Personas appropriately crafted include a lot more than just demographic or superfluous information. They deliver:
- The context of a user’s life – what drives them, how do they use a product/solution and why?
- A fleshed-out visual representation of an example user, that the product needs to deliver for
Personas, even poorly done, elicit empathy from your team. If the personas are awful, empathy will be misplaced, and its value in the visual design process will be limited. But, if you’ve understood your users’ pain points, experiences and context, they can channel your teams’ minds in the right direction.
More this:Credit: Nielsen Norman Group
Than this:Relying purely on a JTBD approach can lose this nuance, whilst depending purely on a persona-based system can focus so heavily on the individual user group that you downgrade the core job that connects them all.
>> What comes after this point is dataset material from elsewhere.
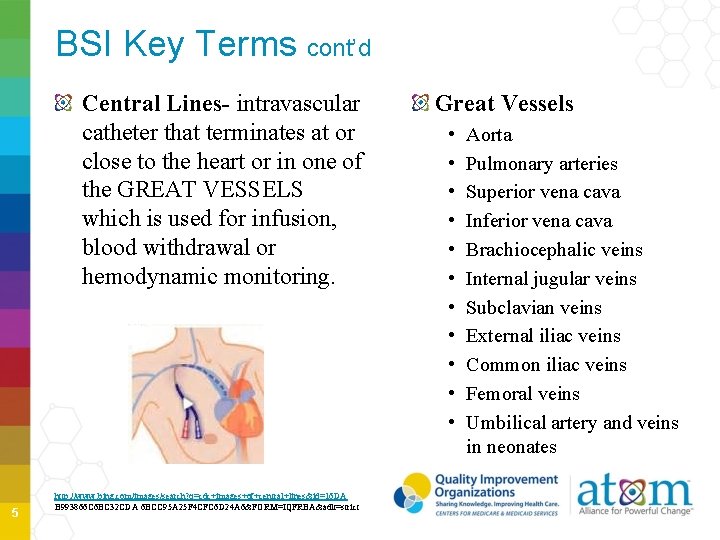 BSI Key Terms cont’d Central Lines- intravascular catheter that terminates at or close to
One without the other is like Ant without Dec. Every chance of a car crash.
So what should you do?
Ask yourself – and your team – two simple questions:
- Do you understand what base need, or job, your product exists to provide for and do you know that your users have that need?
- Do you understand the context and nuance of each job? Do you understand why five different people would approach the same core job in different ways, and can you effectively design solutions for all of them?
If the answer to either one of these is no, then chances are you don’t have the information you need to design for your target users effectively. And there’s a simple solution – listen to your users, deploy a solid framework incorporating user personas and JTBD, and turn your customers’ input into actionable insight.